Google has continued to iterate its popular APIs–including those for YouTube, Google Maps and Google+–for both the Web and android. The various API webpages now include blogs and user stories. On the Android front, Google has introduced Google Material Design, the company’s ambitious attempt to provide a language that will serve as its advocacy platform for best-practices UX design.

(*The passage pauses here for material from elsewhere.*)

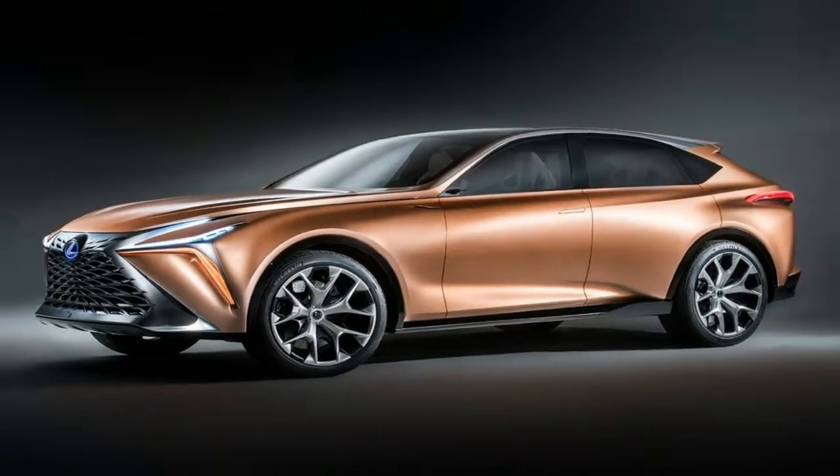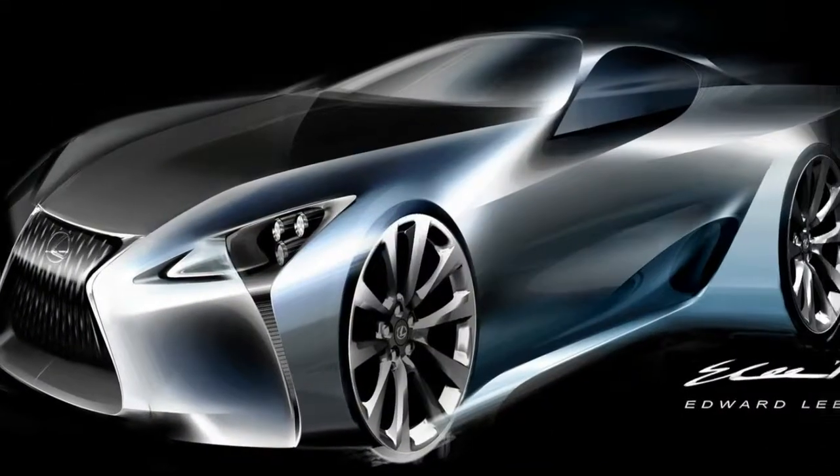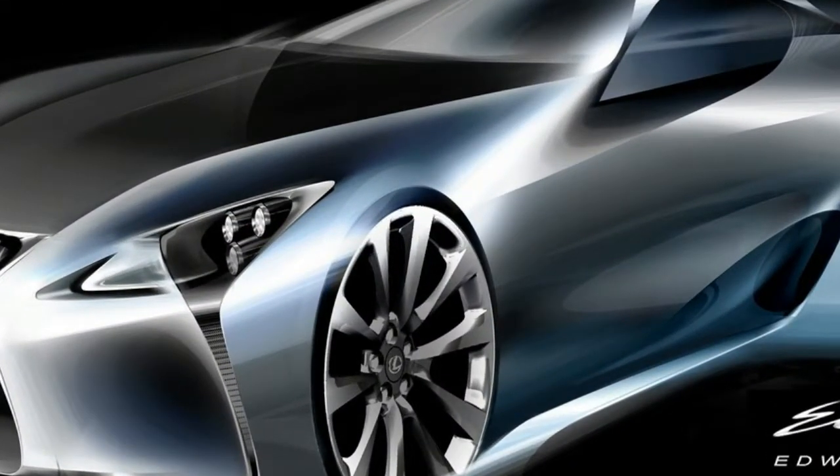New 22-inch alloy wheels also provide a powerful stance on the road. Wing mirrors have been removed in favor of 360 cameras, suggesting its autonomous capabilities.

In October Google introduced an open-source reference implementation of YouTube WatchMe for Android, which brings an easy-to-implement version of live broadcasting for Android mobile devices. The SDK exposes an implementation that already existed in various Android handsets, such as Live on YouTube – by Xperia and Re – by HTC. This open-source project allows developers to provide streaming capabilities in mobile apps, which could provide for some interesting business use cases. YouTube’s API is Google’s most popular SDK, and we expect to see the next version in 2015, including better integration with Google’s central API infrastructure. The library is expected to get even more efficient, and we will look for better perofrmance increases next year (after a positive performance boost this year with JSON encoding over XML encoding)

Google Maps

Google maps on ChromebookGoogle maps on Chromebook

Google maps on Chromebook

Google has finally deprecated Google Earth, a project that spanned more than six years. On the SDK front, Google has been ramping up usability features, such as localizing street addresses in Google Maps and adding street view to maps embedded in HTML. Google Maps for Android API has also been improved, with the addition of a toolbar that gives users a jump-start to gettting directions and turn-by-turn navigation. There’s also a “light” mode that provides a minimalist, non-interactable bitmap iamge of a map at a specified zoom level and location. The Google Maps Android API has been ramped up with a new asynchronous method that notifies the developer via delegate when a map is ready to be consumed, as a replacement for the deprecated getMap() method. With all that said, Google Maps is quite mature, so the changes we expect to see moving forward are incremental, with minor changes in line with the Google Material Design principles and adjustments to support Google Maps for Android API.